Scraped caption text data

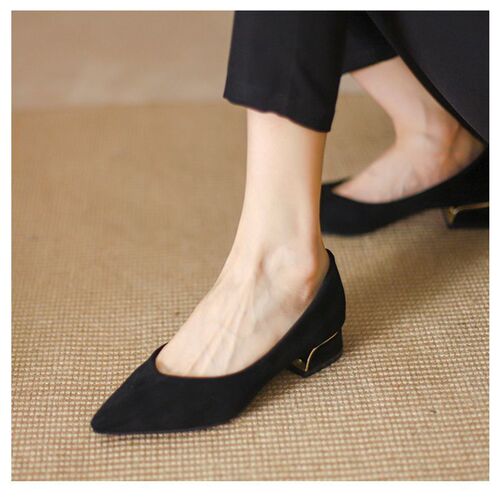 Ankle-high pure color shallow mouth pumps, new autumn fashion, social media trendy, height-increasing, anti-slip, wearable comfortable women's single shoes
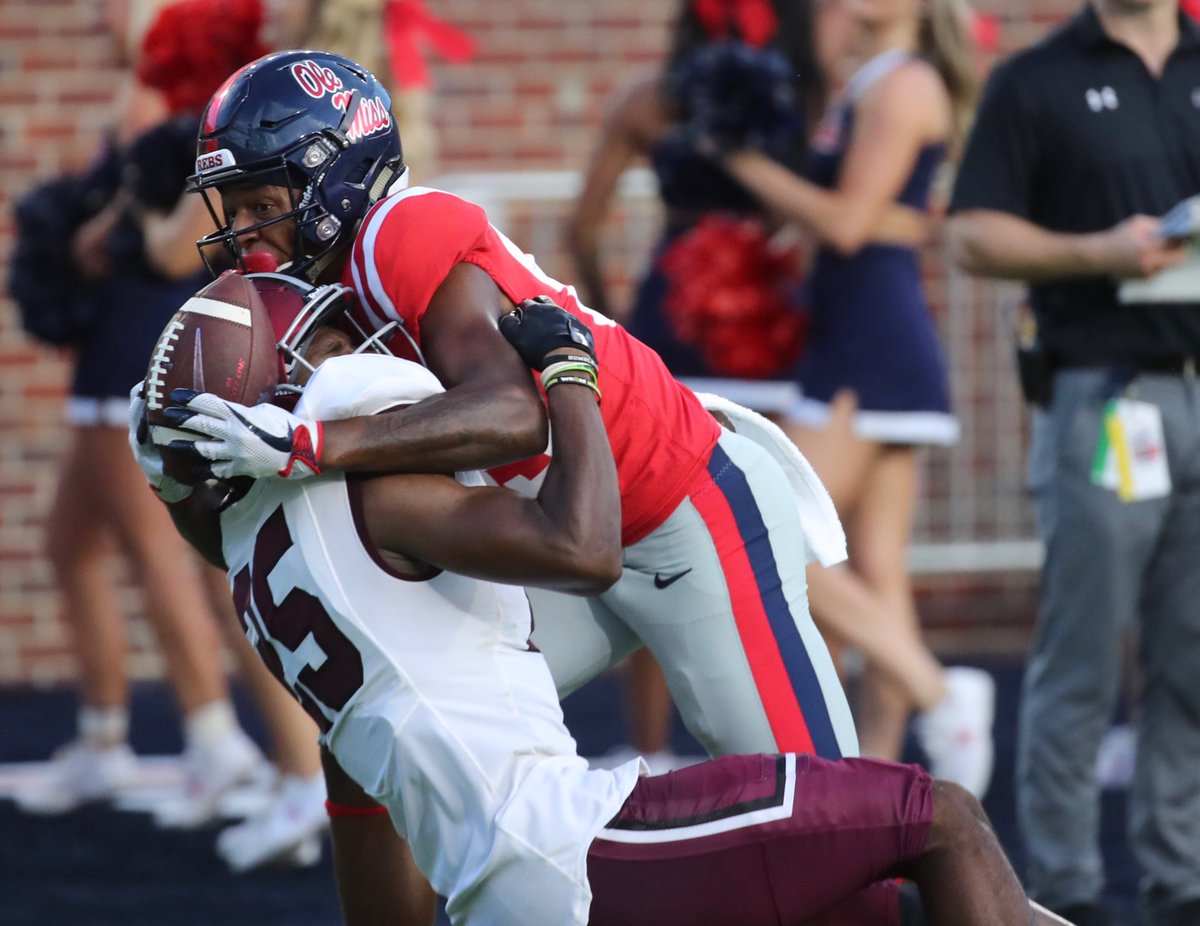 OleMissPix's tweet photo. What. A. Catch. 
NWO https://t.co/h8iZGR3luW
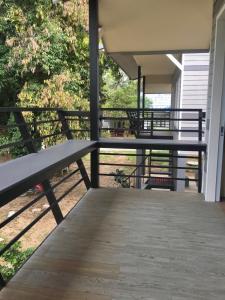 Thai House Cozy Island Stay with Garden View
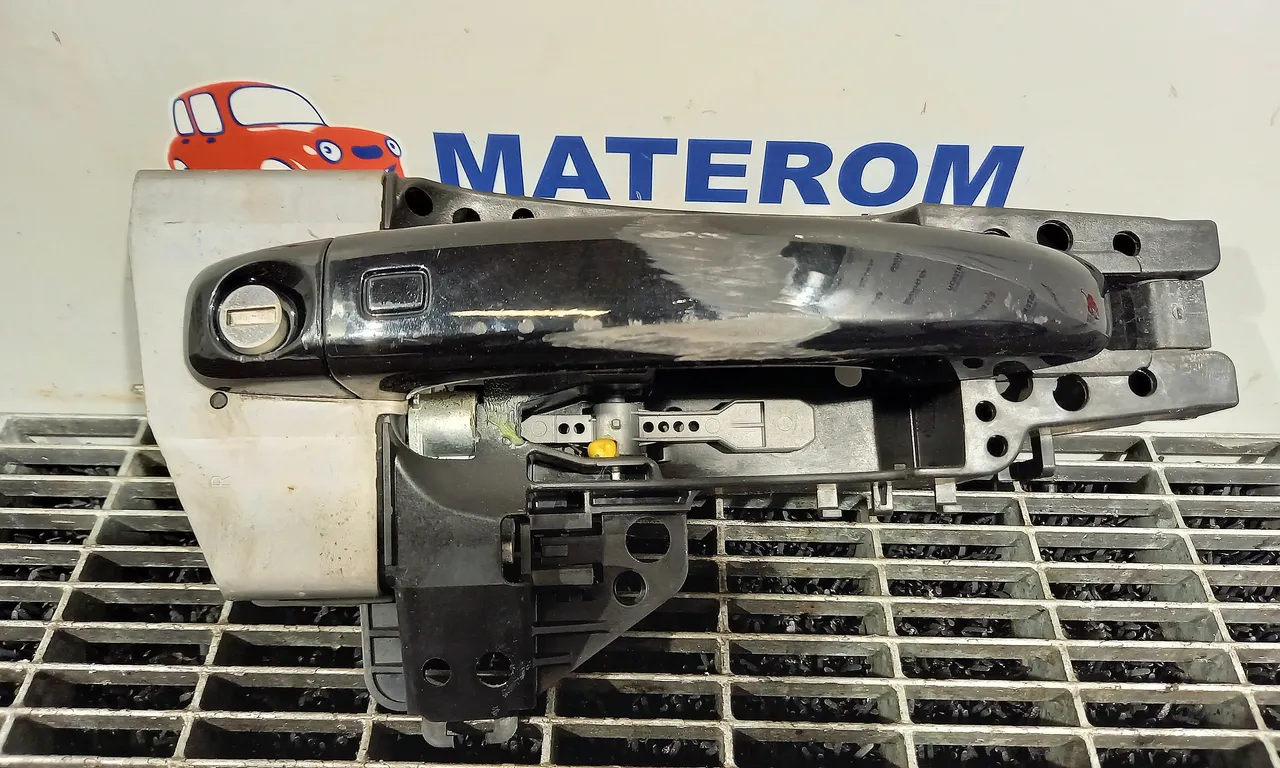 MANER USA FATA DREAPTA AUDI A1 2010-2019
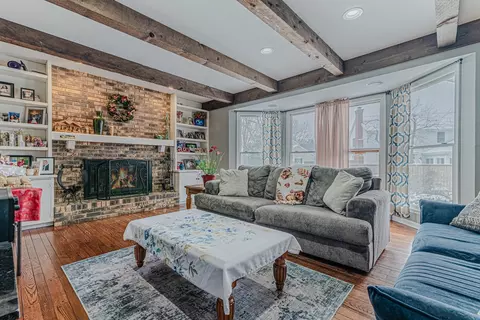 Living - 196 N Lyle Ave, Elgin, IL 60123 photo 2 of 3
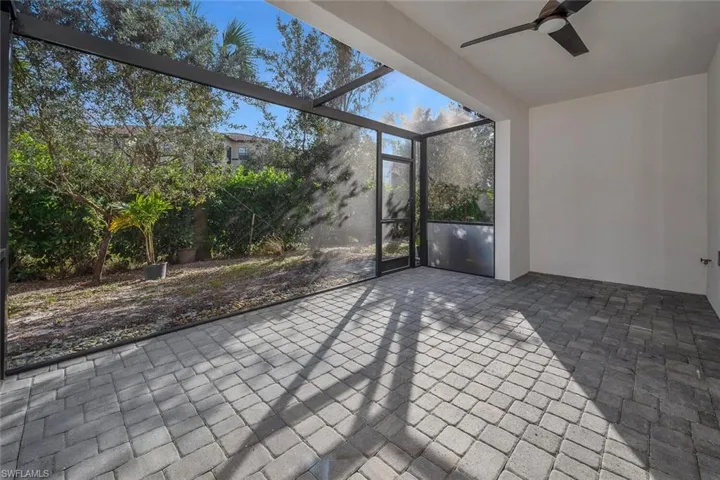 Large Screened in Patio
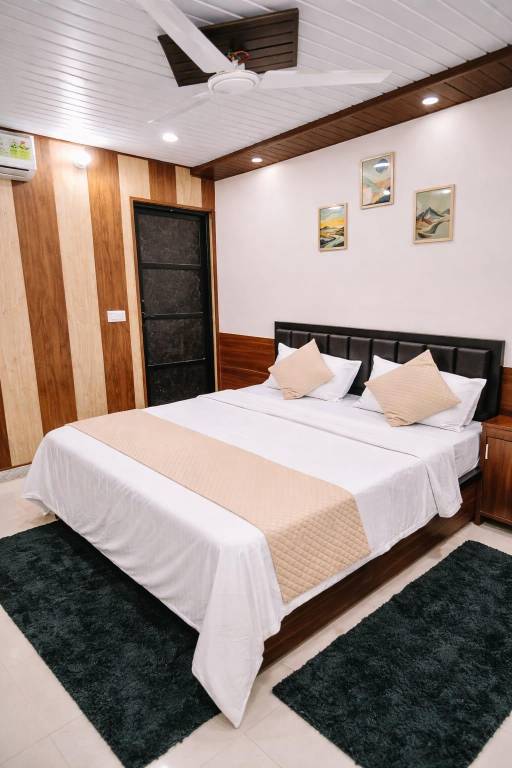 HOTEL IN VARANASI — photo 2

## [TASK OBJECTIVE]
Only the lines from the line with "OleMissPix's tweet photo. What. A. Catch." through the end of the records belong in your copy. Repeat them exactly, without pictures.

## [OUTPUT OF THE EXERCISE]
 OleMissPix's tweet photo. What. A. Catch. 
NWO https://t.co/h8iZGR3luW
 Thai House Cozy Island Stay with Garden View
 MANER USA FATA DREAPTA AUDI A1 2010-2019
 Living - 196 N Lyle Ave, Elgin, IL 60123 photo 2 of 3
 Large Screened in Patio
 HOTEL IN VARANASI — photo 2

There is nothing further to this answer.